Pies = ruch

Właściciele psów poświęcają  ok.  300 minut tygodniowo na spacerowanie. To o 100 minut więcej niż w przypadku osób, które psów nie posiadają. Osoby te cztery razy częściej spełniają też najnowsze wytyczne dotyczące aktywności fizycznej - wynika z badań naukowców z  University of Liverpool opublikowanych w Scientific Reports.

Żadne dotychczasowe dociekania nie były prowadzone na tak duża skalę. W najnowszym badaniu wzięło udział ok. 700 osób z 385 brytyjskich gospodarstw domowych o podobnym dostępie do chodników, parków, ścieżek i innych udogodnień, które mogą mieć wpływ na aktywność fizyczną.

Naukowcy poprosili badanych o wypełnienie kwestionariuszy, w których pytali m.in. o to, jak dużo ruchu podejmowali w ciągu tygodnia i w jaki sposób to robili. Kilku rodzinom badacze dodatkowo udostępnili urządzenia monitorujące aktywność.

Co się okazało? - Od razu widać, że ludzie, którzy posiadają psy, ruszają się znacznie więcej niż ci którzy psów nie mają - mówi autor badania dr Carri Westgarth z Uniwersytetu w Liverpoolu.

Z uwagi na konieczność spacerów ze zwierzęciem większość właścicieli spełniała lub przekraczała standardowe wytyczne dotyczące ilości ćwiczeń dla zdrowia, czyli minimum 150 minut umiarkowanego wysiłku fizycznego w tygodniu.
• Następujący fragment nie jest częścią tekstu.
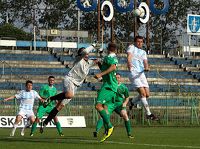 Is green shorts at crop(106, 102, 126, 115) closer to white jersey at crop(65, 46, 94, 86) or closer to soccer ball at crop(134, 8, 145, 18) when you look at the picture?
white jersey at crop(65, 46, 94, 86)

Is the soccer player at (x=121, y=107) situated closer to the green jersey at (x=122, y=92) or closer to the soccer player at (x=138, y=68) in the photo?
the green jersey at (x=122, y=92)

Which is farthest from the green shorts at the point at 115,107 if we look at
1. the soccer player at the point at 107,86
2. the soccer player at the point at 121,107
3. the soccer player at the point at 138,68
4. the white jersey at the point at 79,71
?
the white jersey at the point at 79,71

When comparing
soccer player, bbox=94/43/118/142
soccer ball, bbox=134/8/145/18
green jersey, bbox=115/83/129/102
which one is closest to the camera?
soccer player, bbox=94/43/118/142

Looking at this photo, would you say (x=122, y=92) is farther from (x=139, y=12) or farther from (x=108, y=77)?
(x=139, y=12)

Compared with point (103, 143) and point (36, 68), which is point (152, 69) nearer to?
point (36, 68)

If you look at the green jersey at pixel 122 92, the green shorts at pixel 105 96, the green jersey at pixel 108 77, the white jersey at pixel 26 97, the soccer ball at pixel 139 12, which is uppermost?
the soccer ball at pixel 139 12

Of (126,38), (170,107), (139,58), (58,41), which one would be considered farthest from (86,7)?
(139,58)

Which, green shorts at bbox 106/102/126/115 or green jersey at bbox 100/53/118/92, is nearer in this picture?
green jersey at bbox 100/53/118/92

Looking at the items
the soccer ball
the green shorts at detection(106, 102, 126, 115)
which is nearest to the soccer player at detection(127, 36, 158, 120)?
the green shorts at detection(106, 102, 126, 115)

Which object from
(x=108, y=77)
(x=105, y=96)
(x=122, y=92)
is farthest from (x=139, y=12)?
(x=105, y=96)

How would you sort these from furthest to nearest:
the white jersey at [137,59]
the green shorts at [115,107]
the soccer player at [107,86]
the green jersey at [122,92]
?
the green jersey at [122,92] → the white jersey at [137,59] → the green shorts at [115,107] → the soccer player at [107,86]

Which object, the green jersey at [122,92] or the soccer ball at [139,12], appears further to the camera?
the soccer ball at [139,12]

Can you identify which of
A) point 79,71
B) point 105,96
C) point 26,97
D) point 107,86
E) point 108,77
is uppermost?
point 79,71

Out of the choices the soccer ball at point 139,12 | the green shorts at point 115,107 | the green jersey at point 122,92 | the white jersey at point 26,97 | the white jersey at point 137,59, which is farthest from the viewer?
the soccer ball at point 139,12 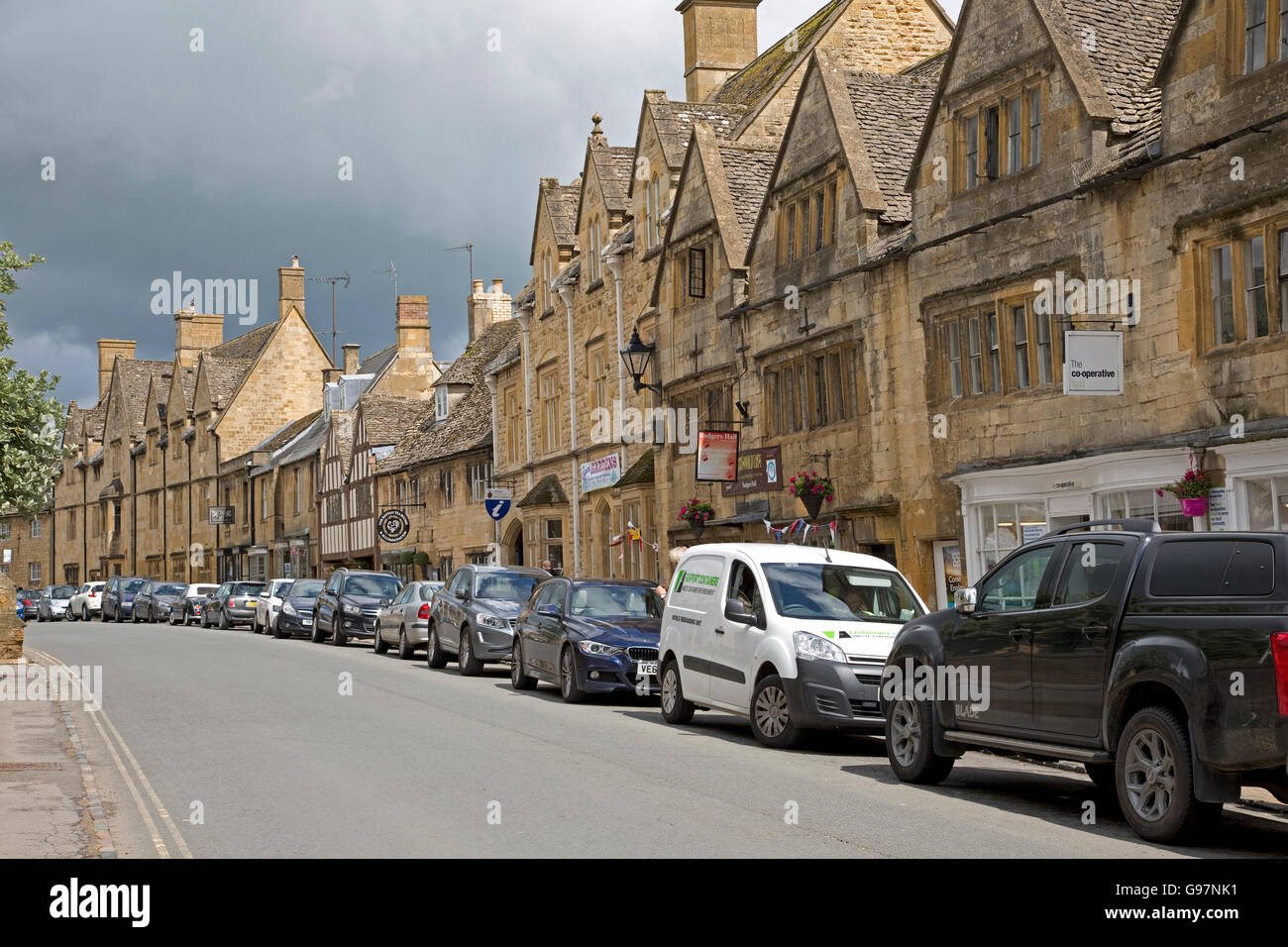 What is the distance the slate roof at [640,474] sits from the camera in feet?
107

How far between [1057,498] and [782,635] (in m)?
6.85

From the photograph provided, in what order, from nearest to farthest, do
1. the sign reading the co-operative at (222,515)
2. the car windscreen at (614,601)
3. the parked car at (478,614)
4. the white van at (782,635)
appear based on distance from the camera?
the white van at (782,635), the car windscreen at (614,601), the parked car at (478,614), the sign reading the co-operative at (222,515)

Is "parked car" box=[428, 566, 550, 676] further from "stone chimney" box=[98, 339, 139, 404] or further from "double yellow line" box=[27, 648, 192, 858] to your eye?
"stone chimney" box=[98, 339, 139, 404]

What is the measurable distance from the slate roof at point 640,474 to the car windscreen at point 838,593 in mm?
17364

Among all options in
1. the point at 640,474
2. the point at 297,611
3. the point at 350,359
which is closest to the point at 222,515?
the point at 350,359

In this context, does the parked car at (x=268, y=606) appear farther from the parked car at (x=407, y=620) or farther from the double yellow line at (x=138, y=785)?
the double yellow line at (x=138, y=785)

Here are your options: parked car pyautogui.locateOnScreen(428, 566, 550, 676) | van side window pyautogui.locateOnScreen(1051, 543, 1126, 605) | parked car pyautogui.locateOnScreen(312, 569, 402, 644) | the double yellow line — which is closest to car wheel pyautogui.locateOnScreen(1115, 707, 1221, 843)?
van side window pyautogui.locateOnScreen(1051, 543, 1126, 605)

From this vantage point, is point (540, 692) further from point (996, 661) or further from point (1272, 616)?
point (1272, 616)

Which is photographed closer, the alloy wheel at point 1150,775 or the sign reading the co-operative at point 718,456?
the alloy wheel at point 1150,775

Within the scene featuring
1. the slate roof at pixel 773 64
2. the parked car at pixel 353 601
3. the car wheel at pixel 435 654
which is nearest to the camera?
the car wheel at pixel 435 654

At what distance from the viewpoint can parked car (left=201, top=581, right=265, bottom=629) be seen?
47219 millimetres

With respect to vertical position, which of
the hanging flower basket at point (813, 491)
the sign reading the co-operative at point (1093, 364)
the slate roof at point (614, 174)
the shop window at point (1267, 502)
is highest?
the slate roof at point (614, 174)

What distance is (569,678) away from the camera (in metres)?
18.8

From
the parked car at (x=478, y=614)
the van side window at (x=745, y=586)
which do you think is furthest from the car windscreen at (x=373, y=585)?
the van side window at (x=745, y=586) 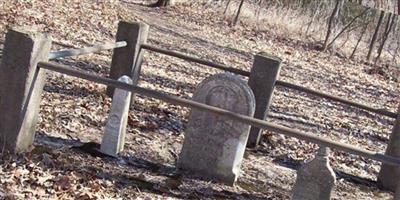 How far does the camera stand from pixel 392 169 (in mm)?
6762

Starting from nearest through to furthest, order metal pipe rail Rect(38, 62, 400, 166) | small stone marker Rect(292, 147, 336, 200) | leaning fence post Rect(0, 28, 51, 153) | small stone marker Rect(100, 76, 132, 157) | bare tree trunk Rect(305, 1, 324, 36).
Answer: metal pipe rail Rect(38, 62, 400, 166) → small stone marker Rect(292, 147, 336, 200) → leaning fence post Rect(0, 28, 51, 153) → small stone marker Rect(100, 76, 132, 157) → bare tree trunk Rect(305, 1, 324, 36)

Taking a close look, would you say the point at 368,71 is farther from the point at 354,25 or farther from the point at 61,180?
→ the point at 61,180

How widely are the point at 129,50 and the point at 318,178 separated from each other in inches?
131

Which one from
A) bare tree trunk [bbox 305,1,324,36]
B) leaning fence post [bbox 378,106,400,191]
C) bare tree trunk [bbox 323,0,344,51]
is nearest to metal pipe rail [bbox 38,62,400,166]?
leaning fence post [bbox 378,106,400,191]

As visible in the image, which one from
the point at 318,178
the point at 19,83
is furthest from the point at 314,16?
the point at 19,83

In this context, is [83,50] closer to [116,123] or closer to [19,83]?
[116,123]

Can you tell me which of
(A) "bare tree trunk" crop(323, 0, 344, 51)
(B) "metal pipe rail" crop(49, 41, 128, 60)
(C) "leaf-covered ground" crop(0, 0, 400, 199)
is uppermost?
(A) "bare tree trunk" crop(323, 0, 344, 51)

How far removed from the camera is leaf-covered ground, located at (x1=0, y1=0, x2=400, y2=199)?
5.24 m

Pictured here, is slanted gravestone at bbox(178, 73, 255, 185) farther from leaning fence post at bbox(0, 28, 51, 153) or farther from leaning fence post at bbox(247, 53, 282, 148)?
leaning fence post at bbox(0, 28, 51, 153)

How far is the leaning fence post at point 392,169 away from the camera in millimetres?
6535

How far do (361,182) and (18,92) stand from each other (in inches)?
157

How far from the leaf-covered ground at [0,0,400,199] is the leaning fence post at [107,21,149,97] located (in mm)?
510

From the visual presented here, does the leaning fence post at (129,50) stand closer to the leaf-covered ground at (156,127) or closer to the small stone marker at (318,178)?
the leaf-covered ground at (156,127)

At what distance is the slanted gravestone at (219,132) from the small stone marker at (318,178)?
0.97m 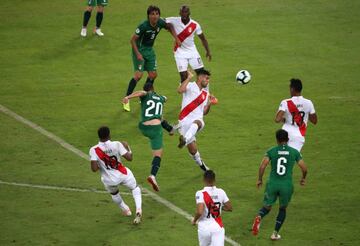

Jak się jednak okazało, nie tylko o codzienne wyjścia z pupilem podnosiły tę statystykę.


Spacer „zamiast” siłowni? Nie!

Dotychczasowe badania nie brały one pod uwagę tego, czy posiadanie psa wiąże się z rezygnacją z innych aktywności fizycznych. Co nowe i niespodziewane, okazało się że właściciele psów nie dość, że więcej chodzili dzięki spacerom z psem to również więcej czasu poświęcali na inne aktywności, takie jak: bieganie, jazda na rowerze, wizyta na siłowni. Codzienne wyjścia z pupilem nie odbywały się więc kosztem - były „oprócz”, nie „zamiast”.

Psy miały też wpływ na najmłodszych uczestników badania. Wyniki pokazały, że dzieci, w domach których znajdowały się psy, spacerowały średnio przez 100 minut każdego tygodnia, a do tego bawiły się i grały ze swoimi czworonogami przez kolejne 200 minut - to znacznie lepszy wynik niż w przypadku dzieci, które zwierzęcia nie miały.

Jednocześnie okazało się, że niewielka część właścicieli psów nigdy nie chodziła ze swoimi psami na spacery (prawie wszystkie z tych osób były młodymi, zdrowymi kobietami). Pojawia się pytanie o przyczyny takiego stanu rzeczy.  Czy były to problemy z panowaniem nad zwierzęciem, bezpieczeństwem na ulicy czy po prostu niechęć do wychodzenia.

Badanie nie uwzględniało takich różnic jak rasa, wielkość czy temperament psa i tego jak wpływają one na aktywność fizyczną właścicieli. Otwiera to dalsze pole do badań.

- Pies nie może być traktowany jako narzędzie, które będzie nas mobilizować do wyjścia - podkreśla Dr. Westgarth. Ale jeśli czujesz, że masz czas, pieniądze i możliwości, by wziąć na siebie odpowiedzialność za psa, ten z pewnością stanie się wspaniałym kompanem podczas ruchu na świeżym powietrzu.